GitLab's recent critical security release addresses a vulnerability identified as CVE-2023-5009. This vulnerability, with a CVSS score of 9.6, posed a significant risk, particularly in the pipeline execution processes of GitLab's software. It affected versions before 16.2.7 of GitLab Enterprise Edition (EE) and versions before 16.3.4 of GitLab Community Edition (CE).

Technical Analysis of the Vulnerability

The CVE-2023-5009 vulnerability is notable for allowing an attacker to execute pipelines as another user, compromising the security of the projects hosted on GitLab. This flaw was a bypass of the earlier CVE-2023-3932 vulnerability.

Exploitation Technique: Parameter Pollution

The vulnerability could be exploited using a technique known as parameter pollution. Here's an illustrative example to demonstrate how an attacker might craft a malicious request:

POST /users/password HTTP/2

Host: gitlab.example.com

... [additional request headers] ...

Content-Type: application/x-www-form-urlencoded

authenticity_token=readactd&user[email][]=valid@email.com&user[email][]=akhil@strobes.co

In this hypothetical example, the attacker uses the user[email][] parameter multiple times, leading to an ambiguity in the request processing. This kind of exploitation could allow unauthorized access to Gitlab projects with exploited user permissions.

Mitigation and Patching

GitLab has released patches in the latest versions — 16.3.4 for Community Edition and 16.2.7 for Enterprise Edition. Users are strongly advised to upgrade to these versions for immediate mitigation.

For Older Versions

If you are using a version prior to 16.2, there are additional considerations. The vulnerability is active only if both 'Direct Transfers' and 'Security Policies' features are enabled. As a workaround, disabling one or both of these features can mitigate the risk.

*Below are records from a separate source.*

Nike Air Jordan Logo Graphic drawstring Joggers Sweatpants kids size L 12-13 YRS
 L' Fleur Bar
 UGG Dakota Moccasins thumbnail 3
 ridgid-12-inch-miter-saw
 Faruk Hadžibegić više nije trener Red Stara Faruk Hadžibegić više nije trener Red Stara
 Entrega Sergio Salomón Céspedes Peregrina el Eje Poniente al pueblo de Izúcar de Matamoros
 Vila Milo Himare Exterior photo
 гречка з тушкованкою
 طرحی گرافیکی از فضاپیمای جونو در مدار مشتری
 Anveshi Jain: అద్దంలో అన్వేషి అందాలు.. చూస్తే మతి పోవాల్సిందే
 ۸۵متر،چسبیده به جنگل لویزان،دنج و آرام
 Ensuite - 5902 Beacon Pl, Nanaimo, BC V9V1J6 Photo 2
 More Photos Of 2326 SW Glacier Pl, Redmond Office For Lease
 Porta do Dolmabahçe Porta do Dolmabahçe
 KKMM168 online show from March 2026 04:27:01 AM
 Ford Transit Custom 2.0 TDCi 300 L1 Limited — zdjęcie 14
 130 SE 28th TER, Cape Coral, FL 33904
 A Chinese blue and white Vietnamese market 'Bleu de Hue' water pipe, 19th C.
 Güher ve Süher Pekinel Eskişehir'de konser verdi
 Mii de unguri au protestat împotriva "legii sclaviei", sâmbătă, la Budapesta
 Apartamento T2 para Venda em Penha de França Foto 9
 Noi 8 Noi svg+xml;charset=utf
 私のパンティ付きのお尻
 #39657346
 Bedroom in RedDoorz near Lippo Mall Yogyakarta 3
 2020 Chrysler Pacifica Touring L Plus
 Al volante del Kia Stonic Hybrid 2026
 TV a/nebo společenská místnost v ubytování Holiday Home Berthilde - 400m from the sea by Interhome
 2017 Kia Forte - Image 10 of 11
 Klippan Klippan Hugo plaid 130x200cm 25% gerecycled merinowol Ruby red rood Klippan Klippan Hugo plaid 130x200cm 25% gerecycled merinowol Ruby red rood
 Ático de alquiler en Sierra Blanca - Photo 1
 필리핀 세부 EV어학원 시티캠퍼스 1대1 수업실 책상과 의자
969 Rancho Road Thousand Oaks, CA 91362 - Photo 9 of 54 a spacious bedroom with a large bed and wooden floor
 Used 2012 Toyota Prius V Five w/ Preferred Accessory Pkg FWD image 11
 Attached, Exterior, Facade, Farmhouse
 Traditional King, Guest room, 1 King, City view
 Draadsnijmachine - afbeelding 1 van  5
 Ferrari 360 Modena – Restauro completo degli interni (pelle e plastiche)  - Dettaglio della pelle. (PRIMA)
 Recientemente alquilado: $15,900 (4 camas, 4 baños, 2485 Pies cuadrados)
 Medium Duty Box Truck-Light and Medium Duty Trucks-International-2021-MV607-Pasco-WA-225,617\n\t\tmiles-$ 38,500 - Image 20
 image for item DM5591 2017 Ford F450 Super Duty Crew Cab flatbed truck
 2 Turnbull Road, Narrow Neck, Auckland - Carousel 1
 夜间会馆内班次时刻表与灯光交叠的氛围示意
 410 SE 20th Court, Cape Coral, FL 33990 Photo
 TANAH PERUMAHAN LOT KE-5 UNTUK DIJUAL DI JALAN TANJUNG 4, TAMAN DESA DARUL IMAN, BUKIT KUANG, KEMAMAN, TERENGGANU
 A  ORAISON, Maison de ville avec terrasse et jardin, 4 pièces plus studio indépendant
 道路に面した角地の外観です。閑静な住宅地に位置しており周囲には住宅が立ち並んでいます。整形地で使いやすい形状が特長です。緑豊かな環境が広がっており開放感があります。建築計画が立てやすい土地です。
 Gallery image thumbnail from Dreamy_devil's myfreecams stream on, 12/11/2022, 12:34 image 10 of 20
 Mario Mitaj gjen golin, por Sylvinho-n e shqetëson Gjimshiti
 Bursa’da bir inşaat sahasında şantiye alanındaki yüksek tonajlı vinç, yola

Additional Updates in the Patch

Besides the critical security fixes, the new versions of GitLab also include other non-security related improvements, such as a new indexer in version 16.3.4 and minor feature reversions in 16.2.7.

Final Recommendations

Given the severity and the potential impact of CVE-2023-5009, it is imperative for users and administrators of GitLab to update their instances to the latest versions as a priority. This action not only resolves the highlighted flaw but also fortifies the overall security posture against similar vulnerabilities in the future​​​​.